• _ENTRIES SHOWN_:
-.-.-

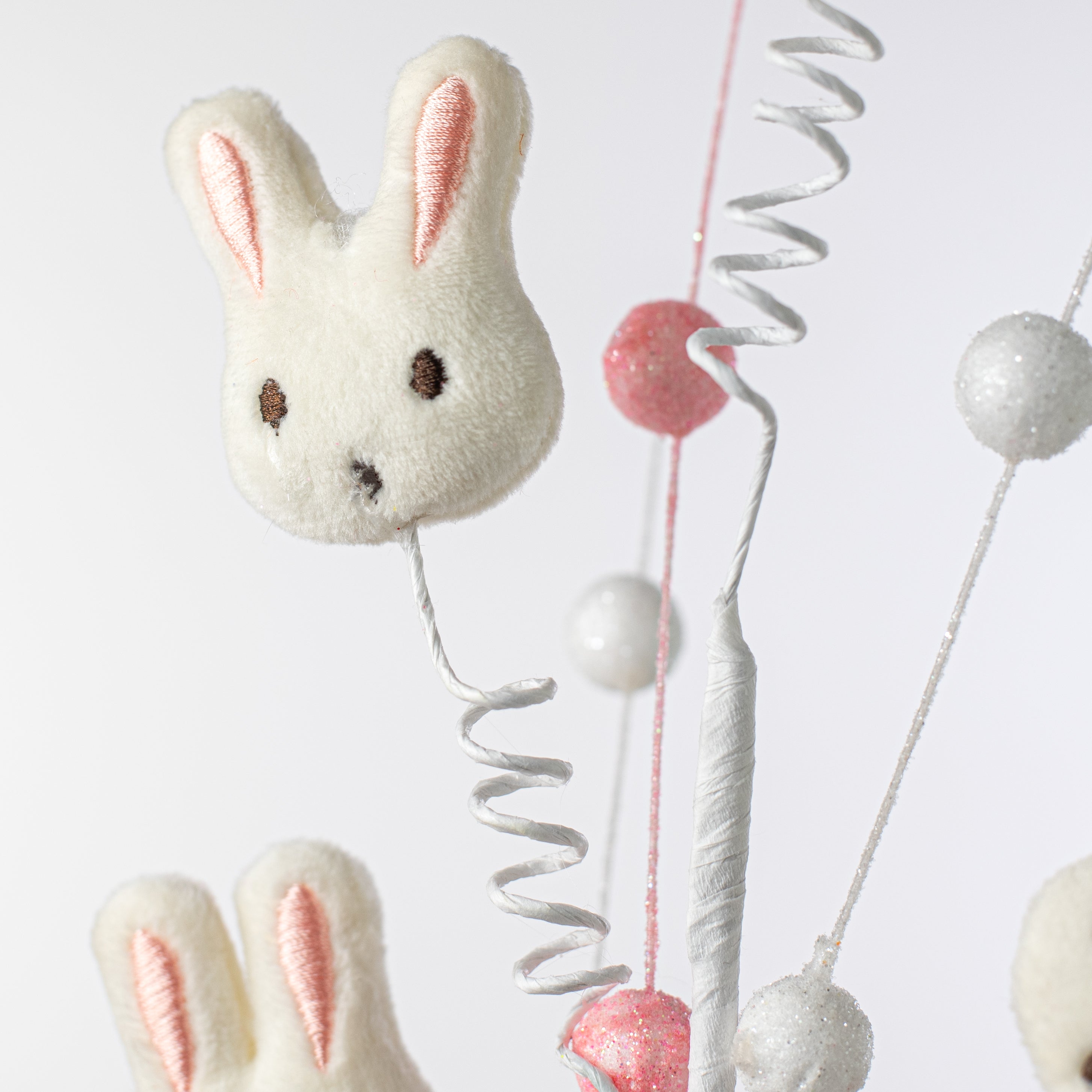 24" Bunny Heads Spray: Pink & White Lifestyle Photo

-.-.-

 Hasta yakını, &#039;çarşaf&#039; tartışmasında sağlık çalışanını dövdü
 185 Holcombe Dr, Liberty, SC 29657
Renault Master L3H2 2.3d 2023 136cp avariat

-.-.-

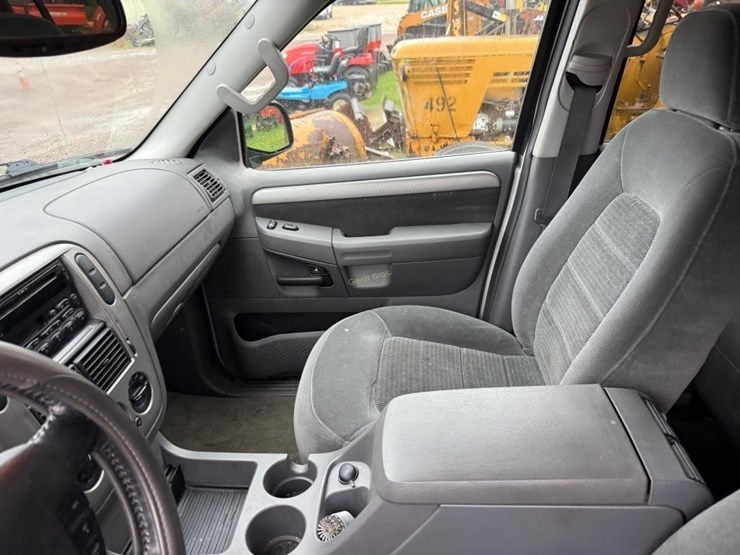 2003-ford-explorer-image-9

-.-.-

An exact, complete copy of the lines above from the one with "185 Holcombe Dr, Liberty, SC 29657" through the one with "Renault Master L3H2 2.3d 2023 136cp avariat" is the whole answer.

• _RESULT BELOW_:
 185 Holcombe Dr, Liberty, SC 29657
Renault Master L3H2 2.3d 2023 136cp avariat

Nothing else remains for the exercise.